* **ASSIGNED TASK**: The required output is the stretch from the line containing "APRENDER ES DIVERTIDO: LÁMINAS" through the line containing "How Do Your" in the records below, unaltered and with no pictures.

* **SUPPLIED RECORDS**:
-- Opening Marker --

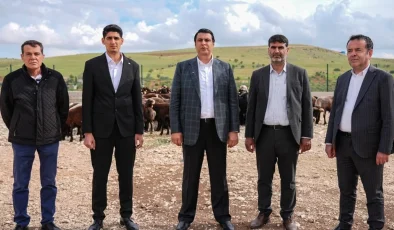 “Şehitkamil’den Uygun Fiyatlı Et Hamlesi”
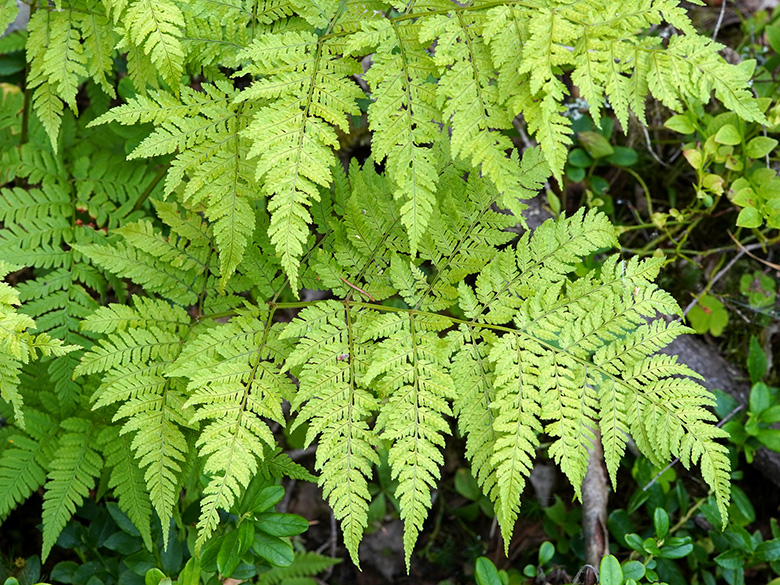 Dryopteris expansa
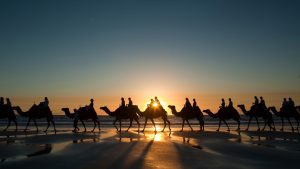 Holiday in Morocco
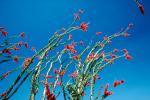 Ocotillo Cactus, (Fonquieria splendens), Joshua Tree National Monument, OFSV02P11_05.3300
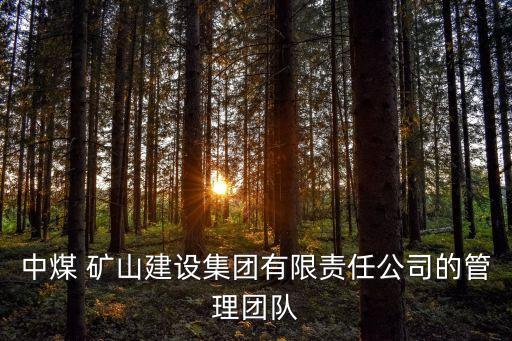 中煤 礦山建設(shè)集團有限責(zé)任公司的管理團隊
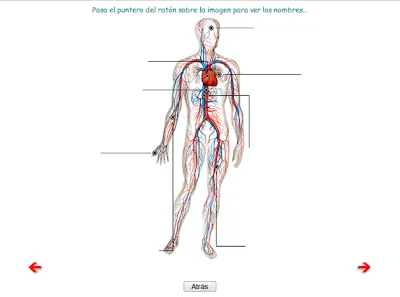 APRENDER ES DIVERTIDO: LÁMINAS INTERACTIVAS DEL APARATO ...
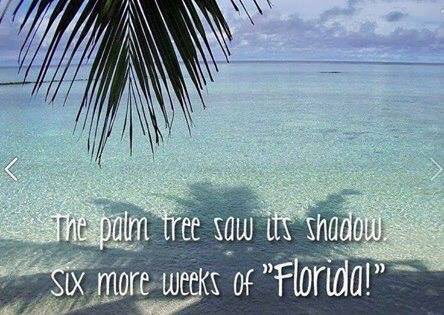 shellflorida1's tweet image. 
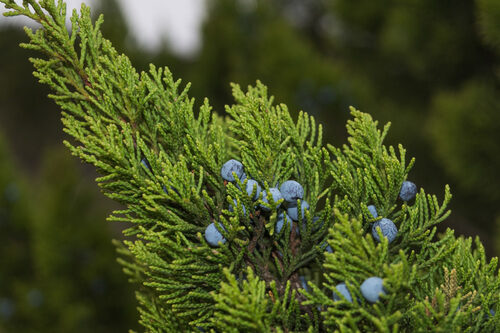 Juniperus ashei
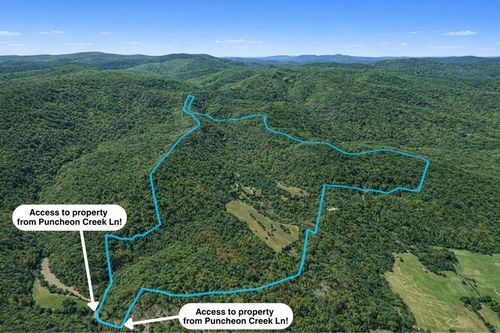 700Acres Puncheon Creek Lane, Allred, TN, 38542 | Card Image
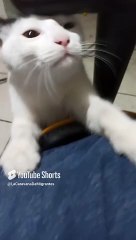#animales #mascotas #shorts El #Gato Pernanca #amigo #peludo viene a visitarme a la #oficina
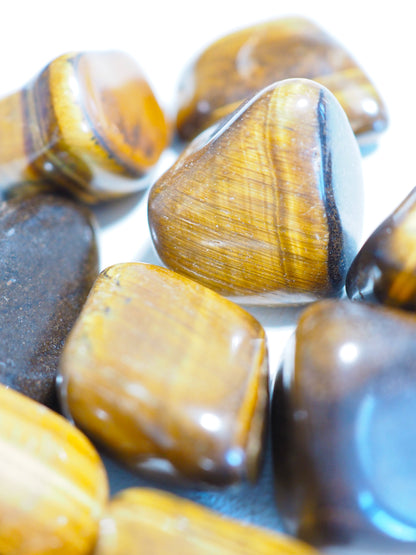 Tigerauge Trommelsteine . Tigerseye Tumble ca 2-4 cm - aus Südafrika HIGH QUALITY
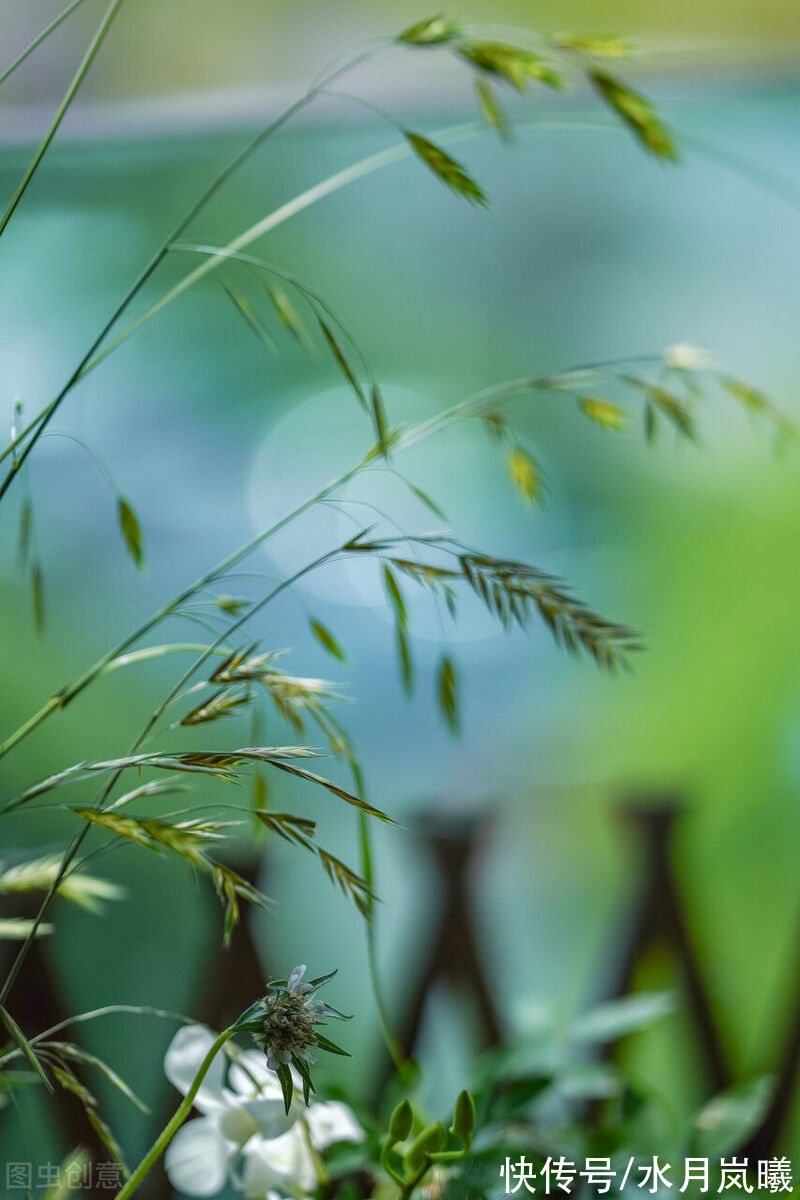 芳华#一世芳华，红颜白发，谁的浮生不若梦，谁的往事淡作烟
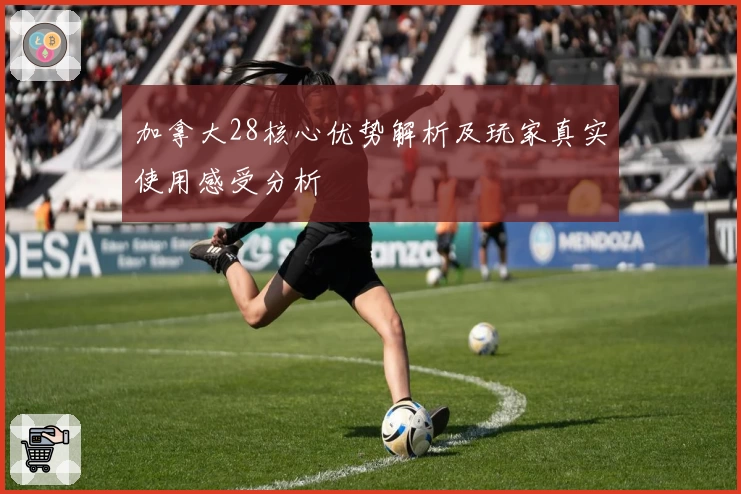 加拿大28核心优势解析及玩家真实使用感受分析
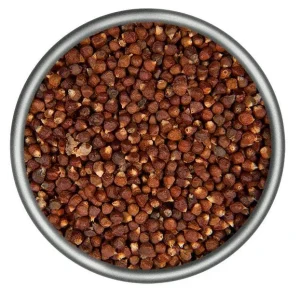 Grains of Paradise Live Plant Starter – Alligator Pepper – 4-8 Inch Tall - Image 2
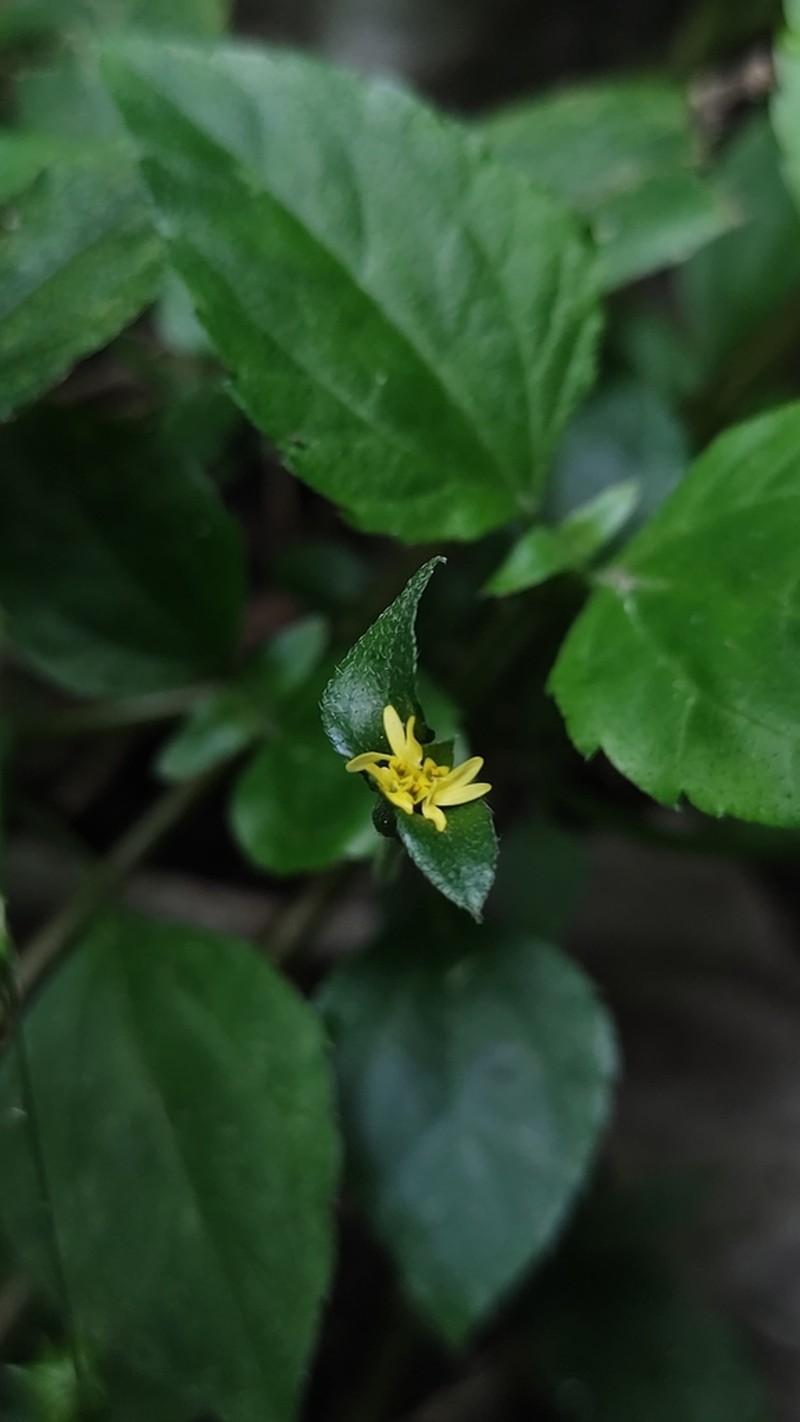 Calyptocarpus brasiliensis photo 6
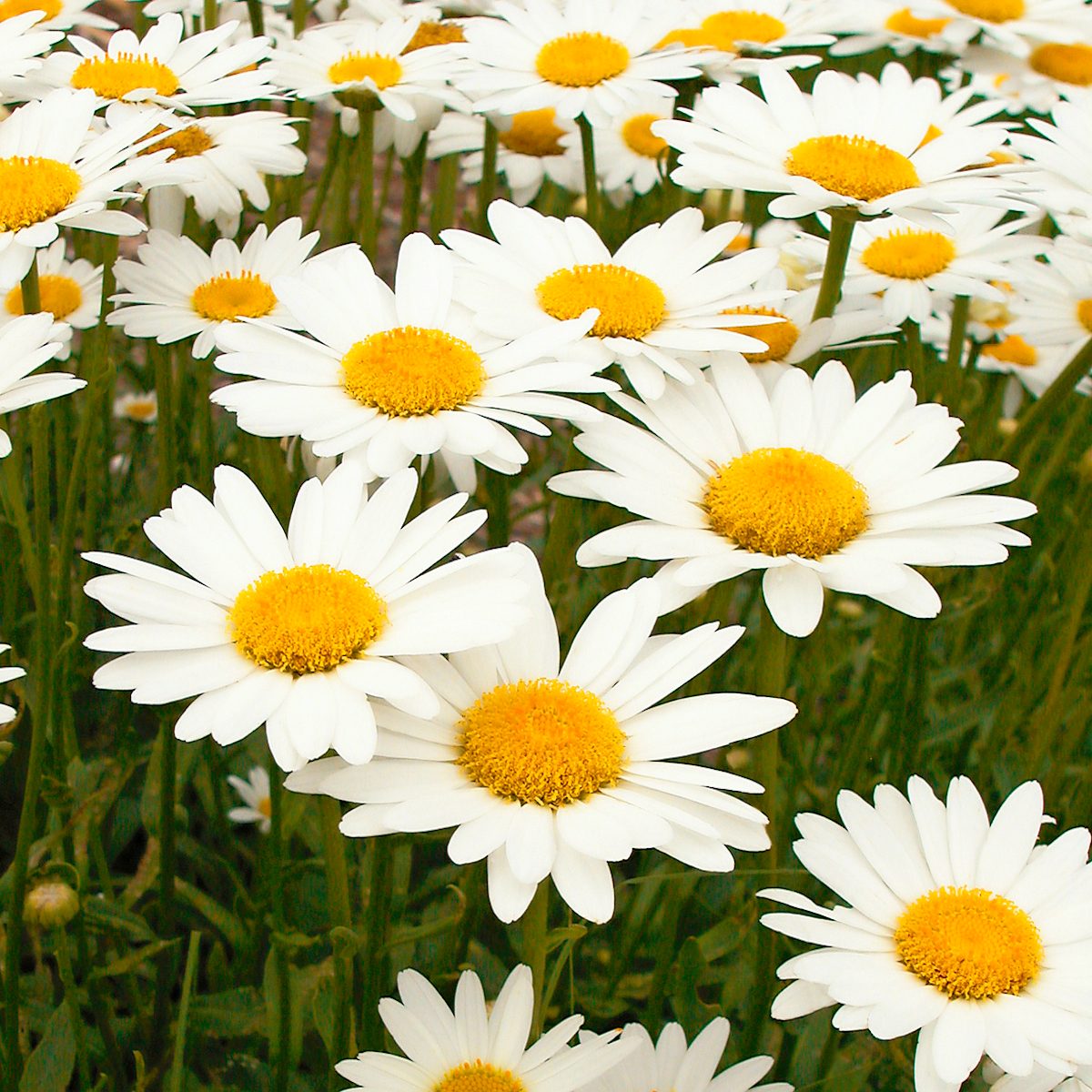 Shasta daisy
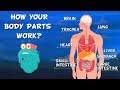 How Do Your Body Parts Work? | Non Stop Episodes | The Dr. Binocs Show | PEEKABOO KIDZ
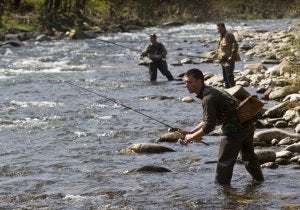 Las pocas capturas de trucha protagonizan el arranque de la temporada en Cantabria. ::
JAVIER COTERA/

-- Closing Marker --

* **YOUR SOLUTION**:
 APRENDER ES DIVERTIDO: LÁMINAS INTERACTIVAS DEL APARATO ...
 shellflorida1's tweet image. 
 Juniperus ashei
 700Acres Puncheon Creek Lane, Allred, TN, 38542 | Card Image
#animales #mascotas #shorts El #Gato Pernanca #amigo #peludo viene a visitarme a la #oficina
 Tigerauge Trommelsteine . Tigerseye Tumble ca 2-4 cm - aus Südafrika HIGH QUALITY
 芳华#一世芳华，红颜白发，谁的浮生不若梦，谁的往事淡作烟
 加拿大28核心优势解析及玩家真实使用感受分析
 Grains of Paradise Live Plant Starter – Alligator Pepper – 4-8 Inch Tall - Image 2
 Calyptocarpus brasiliensis photo 6
 Shasta daisy
 How Do Your Body Parts Work? | Non Stop Episodes | The Dr. Binocs Show | PEEKABOO KIDZ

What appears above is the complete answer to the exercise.